That badass picture isn’t a still from the new Transformers movie. It’s an actual electrical storm behind the actual space shuttle Endeavour, set to launch on its final voyage today. This is the penultimate space shuttle mission; the curtain will fall on the 30-year-old program when Atlantis returns in June. But then what?
So far, no replacement spacecraft has been named and President Obama has grounded NASA’s planned moon shot, despite pledging his support of a manned flight to Mars sometime “during his lifetime”.
Residents of the NASA-dependent communities around Cape Canaveral – where kids attend Astronaut High School and Satellite High, and where area code is the countdown-inspired “321” – are pretty bummed about the situation.

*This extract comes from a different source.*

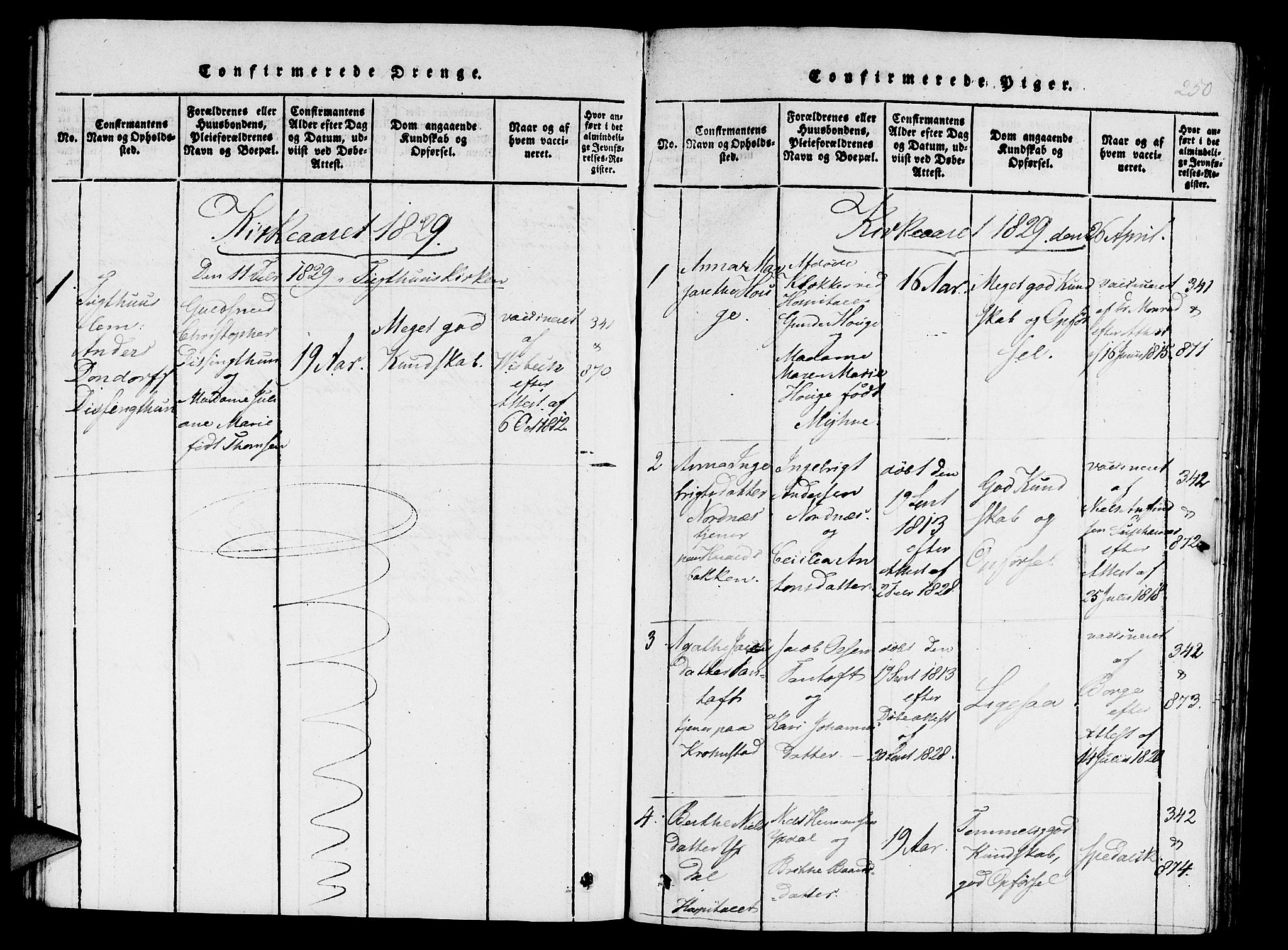 St. Jørgens hospital og Årstad sokneprestembete, AV/SAB-A-99934: Parish register (copy) no. A 1, 1816-1843, p. 250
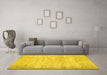 Machine Washable Persian Yellow Traditional Rug in a Living Room, wshtr4151yw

Shuttle worker layoffs already have begun and economists fear a ripple effect through the businesses those workers supported and the hotels and restaurants that catered to NASA customers and spectators.
Daily traffic is noticeably lighter on State Road 3 leading to the Kennedy Space centre, said Waylon Cattee, who lives 2 miles away on Merritt Island.
“Titusville is going to be a ghost town,” he said.
That’s very depressing! It’s 2011. Weren’t we supposed to be commuting to work in flying cars by now? Instead I’m paying 70 bucks to fill up my Honda, and Mars is starting to feel farther away than ever.